The competition started to rear its head in the second quarter of 2018 and that could have ramifications for the company's long-term profitability. Here are the highlights and how to look at these results.
Image source: First Solar
Metric | Q2 2018 | Q2 2017 | Year-Over-Year Change |
---|---|---|---|
Sales | $309.3 million | $567.3 million | (45.5%) |
Net income | ($48.5 million) | $83.0 million | N/A |
Diluted EPS | ($0.46) | $0.78 | N/A |
Data source: First Solar, Inc. Q2 2018 earnings release.
The headline numbers don't often tell the full story for First Solar, so here's a look at what investors should really be taking from the quarter.
What can't be explained away simply by the timing of project sales or manufacturing upgrades is First Solar's reduced full-year guidance.
Production issues will come and go, but what was most concerning for investors was the drop in demand in the second quarter. It was a direct result of China reducing solar incentives and the market quickly reacting to its newly oversupplied state by sending solar panel prices lower. CEO Mark Widmar put the market's reaction this way (transcript via Seeking Alpha): "

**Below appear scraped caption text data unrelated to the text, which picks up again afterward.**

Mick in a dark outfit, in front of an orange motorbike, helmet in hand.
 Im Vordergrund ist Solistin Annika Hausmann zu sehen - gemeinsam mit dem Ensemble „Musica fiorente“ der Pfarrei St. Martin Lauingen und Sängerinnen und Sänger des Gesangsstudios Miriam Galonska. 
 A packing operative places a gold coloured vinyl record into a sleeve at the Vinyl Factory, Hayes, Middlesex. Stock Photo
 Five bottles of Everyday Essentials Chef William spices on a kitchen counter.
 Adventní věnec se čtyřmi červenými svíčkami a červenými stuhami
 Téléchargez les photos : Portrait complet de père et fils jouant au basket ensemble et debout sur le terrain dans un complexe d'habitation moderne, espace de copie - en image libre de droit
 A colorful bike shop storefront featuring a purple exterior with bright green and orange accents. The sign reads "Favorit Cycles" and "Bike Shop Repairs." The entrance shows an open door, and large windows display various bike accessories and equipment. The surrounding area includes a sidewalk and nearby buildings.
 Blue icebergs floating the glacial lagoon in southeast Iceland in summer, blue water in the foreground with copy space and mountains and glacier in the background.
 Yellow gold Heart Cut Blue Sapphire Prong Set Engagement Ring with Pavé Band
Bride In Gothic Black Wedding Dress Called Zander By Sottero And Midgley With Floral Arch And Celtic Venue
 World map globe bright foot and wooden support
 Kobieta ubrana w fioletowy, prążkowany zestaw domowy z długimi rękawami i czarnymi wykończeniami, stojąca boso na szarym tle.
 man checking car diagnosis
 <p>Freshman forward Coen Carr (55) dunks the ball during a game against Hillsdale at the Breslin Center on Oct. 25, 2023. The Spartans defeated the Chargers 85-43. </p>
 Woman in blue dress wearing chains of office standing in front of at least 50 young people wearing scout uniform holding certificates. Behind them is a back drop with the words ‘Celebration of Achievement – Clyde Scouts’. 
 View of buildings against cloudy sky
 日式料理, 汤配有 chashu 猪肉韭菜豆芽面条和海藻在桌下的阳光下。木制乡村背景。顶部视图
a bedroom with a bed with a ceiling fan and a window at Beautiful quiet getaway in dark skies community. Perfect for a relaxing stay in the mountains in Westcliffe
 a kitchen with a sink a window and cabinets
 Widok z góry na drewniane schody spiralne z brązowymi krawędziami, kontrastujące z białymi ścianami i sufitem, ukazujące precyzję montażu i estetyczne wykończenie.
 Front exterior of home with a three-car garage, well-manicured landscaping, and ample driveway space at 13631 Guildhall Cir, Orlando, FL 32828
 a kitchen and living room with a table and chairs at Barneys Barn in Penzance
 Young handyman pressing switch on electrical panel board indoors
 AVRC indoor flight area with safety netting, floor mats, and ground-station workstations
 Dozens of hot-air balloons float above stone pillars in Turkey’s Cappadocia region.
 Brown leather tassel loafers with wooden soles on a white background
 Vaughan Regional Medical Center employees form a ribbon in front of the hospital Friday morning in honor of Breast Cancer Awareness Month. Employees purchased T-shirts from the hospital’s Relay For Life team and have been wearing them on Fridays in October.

The near-term impact has been an almost immediate collapse and probably seen across the crystalline silicon supply chain. While we have seen planned maintenance pull forward or other actions taken to better align near-term supply with demand, there's still an oversupply across the value chain which is driving declining module ASPs [average selling price] in both China and certain international markets."
In the long term, Widmar hopes demand and pricing will pick up, but for now, there doesn't seem to be much optimism that the pace of bookings will improve in the next few quarters.
First Solar has about 80% of its production between now and the end of 2020 booked, so that will help stabilize results over the next two years. But it has to be concerning that falling solar panel prices will impact additional bookings and margins. First Solar isn't immune to the solar market's macro trends, and this fairly disappointing earnings report was a reminder of that.